Mr Crane believes that installing storm drains in the sea wall in front of his home would help to reduce the chance of another flood.

But he says the Council, which built the wall several years ago, are not willing to do so because officials have told him the road between his home and the wall is unadopted, so it is not the Council’s responsiblity.

Mr Crane’s life was turned upside down in November 2009 after extremely bad weather hit the whole of the region, causing a blocked up culvert in the village to overflow - straight in to his house.

Commenting, Mr Crane said: “As the water and sewage poured out and towards our homes, the sea wall acted as a dam, which prevented the flood to escape harmlessly into the sea.”

Sadly, Mr Crane says that his insurance company has even threatened to revoke his house insurance because of the flood threat.

In response, Iain Smith, consultant engineer at Fife Council, explained: “Since the sea wall was constructed it has prevented many instances of flooding. The underground drainage system can only hold so much water and under severe storm conditions, or as a result of vandalism can become overloaded.

“The culvert gratings, which prevent debris entering and restricting flow are regularly maintained to keep them clear and working at full capacity. It is each householder’s responsibility to protect their property from flooding.”

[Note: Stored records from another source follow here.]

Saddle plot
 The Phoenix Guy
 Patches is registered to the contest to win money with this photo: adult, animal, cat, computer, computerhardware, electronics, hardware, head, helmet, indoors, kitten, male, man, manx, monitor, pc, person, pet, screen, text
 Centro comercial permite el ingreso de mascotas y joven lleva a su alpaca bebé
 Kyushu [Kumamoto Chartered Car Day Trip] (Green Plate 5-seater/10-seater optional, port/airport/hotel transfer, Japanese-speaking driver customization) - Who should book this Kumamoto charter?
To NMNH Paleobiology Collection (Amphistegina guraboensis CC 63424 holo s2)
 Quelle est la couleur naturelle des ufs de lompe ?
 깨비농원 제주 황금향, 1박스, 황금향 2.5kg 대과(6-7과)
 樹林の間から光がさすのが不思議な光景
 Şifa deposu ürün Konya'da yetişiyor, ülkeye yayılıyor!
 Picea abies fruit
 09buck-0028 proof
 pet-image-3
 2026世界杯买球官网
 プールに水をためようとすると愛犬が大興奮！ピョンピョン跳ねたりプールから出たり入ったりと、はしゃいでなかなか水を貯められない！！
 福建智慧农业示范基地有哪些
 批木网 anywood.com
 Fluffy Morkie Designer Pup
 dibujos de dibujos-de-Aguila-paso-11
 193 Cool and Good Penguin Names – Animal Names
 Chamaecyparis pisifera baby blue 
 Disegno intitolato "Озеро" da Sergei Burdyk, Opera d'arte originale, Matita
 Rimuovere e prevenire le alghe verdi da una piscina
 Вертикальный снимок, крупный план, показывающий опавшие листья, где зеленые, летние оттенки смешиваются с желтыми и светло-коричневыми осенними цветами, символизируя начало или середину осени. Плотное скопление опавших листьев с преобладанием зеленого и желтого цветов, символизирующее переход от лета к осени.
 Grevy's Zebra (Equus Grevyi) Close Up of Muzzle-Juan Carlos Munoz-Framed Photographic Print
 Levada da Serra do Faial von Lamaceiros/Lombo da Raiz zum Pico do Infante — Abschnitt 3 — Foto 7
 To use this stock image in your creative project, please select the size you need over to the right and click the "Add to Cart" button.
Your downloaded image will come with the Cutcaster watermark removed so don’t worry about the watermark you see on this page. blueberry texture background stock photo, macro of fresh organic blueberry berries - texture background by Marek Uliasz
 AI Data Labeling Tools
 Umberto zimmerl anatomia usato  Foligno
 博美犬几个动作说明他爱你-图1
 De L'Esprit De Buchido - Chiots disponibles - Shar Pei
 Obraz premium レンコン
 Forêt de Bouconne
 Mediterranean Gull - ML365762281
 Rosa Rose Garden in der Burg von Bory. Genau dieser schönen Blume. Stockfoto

Damage caused all over Scotland in Nov 2009

At the beginning of November 2009, the whole of Scotland was battered by heavy rain which caused widespread flooding, not least in Fife.

Just days after the floods hit Fife, the Council wwas highly criticised for its response, with Councillor Tom Adams calling it at the time “horrendous and shocking”.

However in 2011 it stepped up its flood defence programme, identifying hotspots, and just this year, a number of flood pods were installed throughout Fife.